Olhos voltados para o Festival de Cannes
04/04/2016 15:43
Ana Carolina Salvador / Foto: Juliana Valente

Obra aborda relações familiares e a questão do bullying

Na foto maior, cena da personagem Cecília e da mãe antes de a menina voltar ao colégio

Ter uma obra selecionada no Festival de Cannes é um sonho para quem faz cinema. Algo que parecia distante para Victor Fiuza, 25 anos, ex-aluno da PUC-Rio. Difícil, mas não impossível. Em maio deste ano, o curta-metragem que ele escreveu e dirigiu, Os olhos de Cecília, será exibido na sessão Short Film Corner do festival. Produzida e filmada em 2014, com uma equipe de alunos recém- formados da PUC-Rio, a obra começou a ser desenvolvida para a disciplina Projeto de Filme II, quando Fiuza ainda era aluno do curso de Cinema.

A Short Film Corner é uma área de networking e negócios voltada à criação de canais para distribuição de curtas, na qual é possível ter acesso a produtores de diversas partes do mundo e organizar exibições no mercado de Cannes. Além disso, os filmes que participam desta mostra estarão disponíveis em uma biblioteca virtual para possíveis negociações.

Fiuza inspirou-se em ambientes e pessoas da família, principalmente na história de uma tia.
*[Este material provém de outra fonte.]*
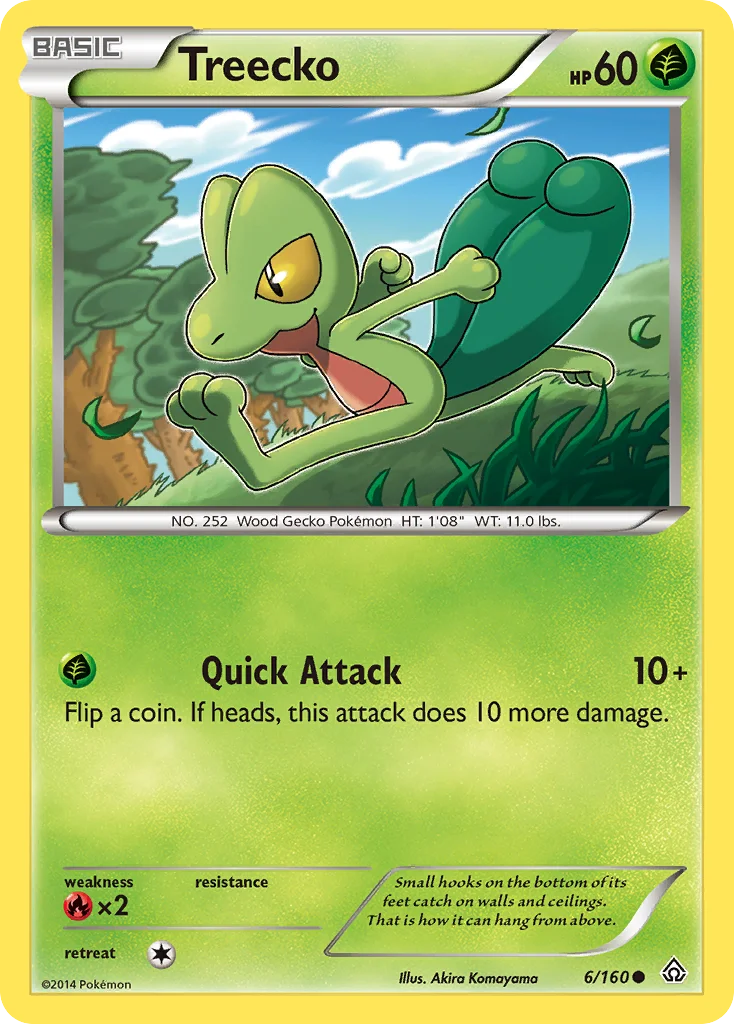 Treecko Pokemon card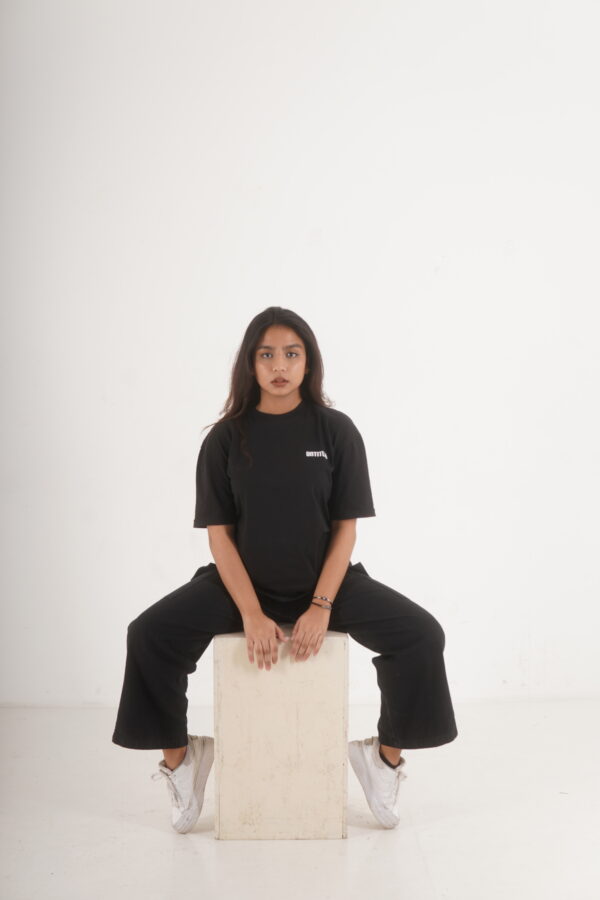 Untitled 01 | Black Drop Shoulders (Unisex) - Image 4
A narrativa gira em torno de Cecília, uma menina de 8 anos, moradora da periferia do Rio de Janeiro, que enxerga só com um dos olhos e decide voltar à escola depois de algum tempo afastada por causa de bullying. O curta também aborda a questão da violência familiar.

A menina Maria Victorya Manzi Sant’Anna ganhou o prêmio de melhor atriz no 4° Festival de Cinema de Santo Ângelo, em 2015, como protagonista do filme. Maria Victorya trabalhava como modelo e atuava em comerciais. Para Fiuza, ela foi um elemento essencial para o filme ser contemplado nos festivais, pois já tinha uma postura profissional, queria estar ali, mesmo com a rotina intensa de quase um dia inteiro de trabalho.

– Os pais não só entendem como apoiam, quase viraram parte da equipe e divulgam mais o filme do que a gente. Eles descobriram que Maria tinha realmente vocação por causa desse filme, durante os cinco dias no set. Quando a vi no teste de elenco, já percebi que era uma garota especial, ela realmente brilha – afirma.

A atriz mirim também conseguiu driblar outras dificuldades com profissionalismo, como gravar durante 12 horas com a maquiagem que deixava o olho esquerdo fechado. Maria Victorya conseguiu ainda colocar em Cecília um pouco do racismo que viveu quando se sentiu oprimida e isolada por ser a única negra na turma que estudava.

Victor Fiuza e Eric Platenik relatam as dificuldades de fazer um curta independente

Produtor do curta e também ex-aluno da Universidade, Eric Platenik, 26 anos, diz que se deparou com alguns desafios nesse trabalho de início de carreira. Platenik conta que outra dificuldade foi conseguir as locações, pois as pessoas achavam que, por estarem produzindo um filme, eles tinham recursos.

– Fazer um filme sem verba é muito difícil, está todo mundo trabalhando no amor, temos que prestar atenção em todos e, para as pessoas trabalharem bem, tem que ter comida no set, mesmo sem dinheiro.

Com um custo de R$ 10mil, Os olhos de Cecília é uma produção independente, com verba obtida entre os amigos que participaram da realização. Segundo Platenik, angariar recursos para um curta-metragem é uma empreitada difícil porque, ao contrário dos longa-metragens, é um tipo de produto que raramente gera retorno.

O elenco ensaiou durante três meses e gravou por cinco dias em lugares como Bangu, Morro do Salgueiro, na Tijuca, e Ilha do Governador. O diretor diz que queria mostrar uma visão incomum das paisagens da periferia, com um olhar poético e afetivo.

Atualmente, Fiuza é coordenador da área de vídeos na Agência de Conteúdo Estratégico 14, e Platenik é sócio da produtora Photoescrita Filmes. Os dois já fizeram outro filme, As asas de Cândido Gabriel e seu amigo Tiago, que está em processo de edição.